# Exercise brief
In the entries below, begin at the line with "为东奥加油句子(精选49句)" and stop after the line with "Sparkling Diwali - Tarjeta de saludo"; output those lines exactly and omit the pictures.

:: Available records

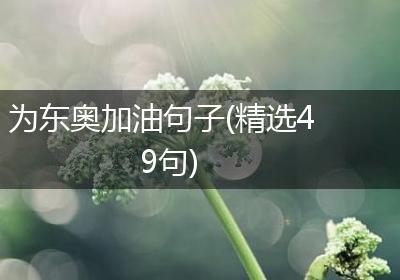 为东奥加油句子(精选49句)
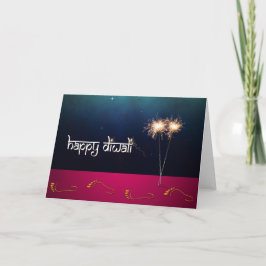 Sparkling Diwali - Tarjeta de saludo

::::
:: Available records

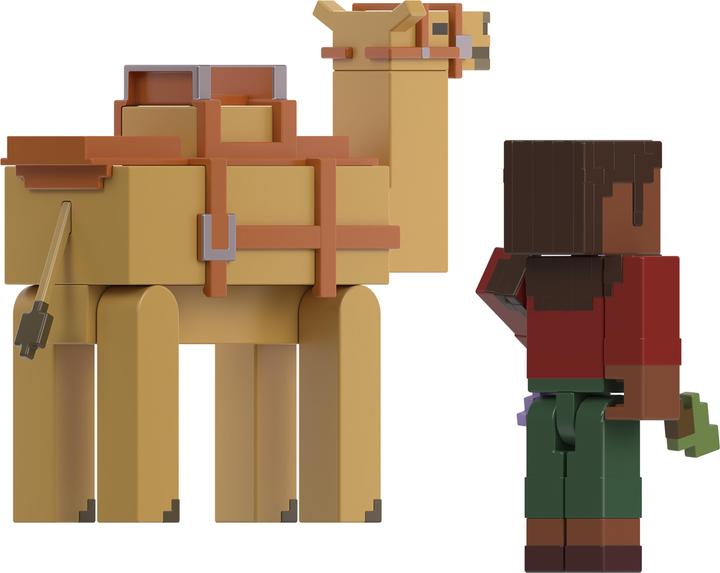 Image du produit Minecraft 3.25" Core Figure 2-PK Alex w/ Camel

::::

# Solution
 为东奥加油句子(精选49句)
 Sparkling Diwali - Tarjeta de saludo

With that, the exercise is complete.